For more information on the BY statement, refer to the discussion in SAS Language Reference: Concepts . For more information on the DATASETS procedure, refer to the discussion in the SAS Procedures Guide .
CLASS variable ;
The values of the CLASS variable define the groups for analysis. Class levels are determined by the formatted values of the CLASS variable. The CLASS variable can be numeric or character. A CLASS statement is required.
FREQ variable ;
If a variable in the data set represents the frequency of occurrence for the other values in the observation, include the name of the variable in a FREQ statement. The procedure then treats the data set as if each observation appears n times, where n is the value of the FREQ variable for the observation. The total number of observations is considered to be equal to the sum of the FREQ variable when the procedure determines degrees of freedom for significance probabilities.
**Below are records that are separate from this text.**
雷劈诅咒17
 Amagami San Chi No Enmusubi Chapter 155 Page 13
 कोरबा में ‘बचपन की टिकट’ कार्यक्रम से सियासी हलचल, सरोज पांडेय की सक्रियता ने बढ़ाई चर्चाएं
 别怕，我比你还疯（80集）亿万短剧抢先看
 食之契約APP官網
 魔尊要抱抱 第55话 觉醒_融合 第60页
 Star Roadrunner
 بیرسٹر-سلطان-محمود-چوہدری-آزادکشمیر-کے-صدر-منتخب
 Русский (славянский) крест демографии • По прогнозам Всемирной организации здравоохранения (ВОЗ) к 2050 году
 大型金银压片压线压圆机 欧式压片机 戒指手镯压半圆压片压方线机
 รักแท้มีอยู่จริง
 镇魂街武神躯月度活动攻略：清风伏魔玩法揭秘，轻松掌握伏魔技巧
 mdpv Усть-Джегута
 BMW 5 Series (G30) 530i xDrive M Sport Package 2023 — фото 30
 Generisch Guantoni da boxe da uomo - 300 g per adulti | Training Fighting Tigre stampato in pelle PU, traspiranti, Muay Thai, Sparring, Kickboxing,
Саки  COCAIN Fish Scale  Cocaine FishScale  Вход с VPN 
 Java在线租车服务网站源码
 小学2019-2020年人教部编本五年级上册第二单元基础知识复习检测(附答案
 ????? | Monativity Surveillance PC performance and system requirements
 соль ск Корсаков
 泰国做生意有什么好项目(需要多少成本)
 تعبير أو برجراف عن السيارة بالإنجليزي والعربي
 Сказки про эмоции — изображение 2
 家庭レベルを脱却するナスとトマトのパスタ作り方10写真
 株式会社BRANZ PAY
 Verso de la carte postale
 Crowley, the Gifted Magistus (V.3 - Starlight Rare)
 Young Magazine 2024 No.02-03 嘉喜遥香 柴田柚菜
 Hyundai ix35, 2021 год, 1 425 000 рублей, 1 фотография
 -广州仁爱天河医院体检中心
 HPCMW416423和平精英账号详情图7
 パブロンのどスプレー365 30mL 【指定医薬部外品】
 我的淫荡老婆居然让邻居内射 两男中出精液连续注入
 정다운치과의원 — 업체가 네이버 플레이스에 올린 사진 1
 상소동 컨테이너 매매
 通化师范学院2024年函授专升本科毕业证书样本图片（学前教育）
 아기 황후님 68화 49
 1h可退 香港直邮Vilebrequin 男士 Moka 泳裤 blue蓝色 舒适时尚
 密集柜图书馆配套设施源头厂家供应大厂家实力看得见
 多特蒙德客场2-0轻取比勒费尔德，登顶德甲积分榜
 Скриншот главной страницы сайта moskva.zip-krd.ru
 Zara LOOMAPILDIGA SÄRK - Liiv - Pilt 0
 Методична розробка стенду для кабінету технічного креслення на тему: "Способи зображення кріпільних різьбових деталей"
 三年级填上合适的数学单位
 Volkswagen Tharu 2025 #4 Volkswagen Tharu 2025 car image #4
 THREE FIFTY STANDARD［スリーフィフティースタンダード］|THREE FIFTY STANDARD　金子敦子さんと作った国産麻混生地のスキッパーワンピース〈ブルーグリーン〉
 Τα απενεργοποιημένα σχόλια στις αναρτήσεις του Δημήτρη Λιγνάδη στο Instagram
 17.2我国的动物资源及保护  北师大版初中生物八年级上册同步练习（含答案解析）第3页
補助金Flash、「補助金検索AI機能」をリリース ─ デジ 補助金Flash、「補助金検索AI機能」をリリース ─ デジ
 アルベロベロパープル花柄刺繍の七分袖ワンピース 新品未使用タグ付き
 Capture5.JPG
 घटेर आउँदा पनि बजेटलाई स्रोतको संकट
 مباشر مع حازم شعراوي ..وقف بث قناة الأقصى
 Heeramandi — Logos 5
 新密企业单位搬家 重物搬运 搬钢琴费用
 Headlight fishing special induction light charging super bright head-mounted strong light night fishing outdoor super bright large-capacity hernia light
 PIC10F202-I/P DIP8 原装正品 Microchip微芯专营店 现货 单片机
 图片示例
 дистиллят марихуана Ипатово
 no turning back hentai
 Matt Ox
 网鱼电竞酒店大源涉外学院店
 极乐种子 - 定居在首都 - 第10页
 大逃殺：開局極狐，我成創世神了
If the value of the FREQ variable is missing or is less than one, the observation is not used in the analysis. If the value is not an integer, the value is truncated to an integer.
VAR variables ;
You specify the quantitative variables to include in the analysis using a VAR statement. If you do not use a VAR statement, the analysis includes all numeric variables not listed in other statements.
WEIGHT variable ;
To use relative weights for each observation in the input data set, place the weights in a variable in the data set and specify the name in a WEIGHT statement. This is often done when the variance associated with each observation is different and the values of the WEIGHT variable are proportional to the reciprocals of the variances. If the value of the WEIGHT variable is missing or is less than zero, then a value of zero for the weight is assumed.
The WEIGHT and FREQ statements have a similar effect except that the WEIGHT statement does not alter the degrees of freedom.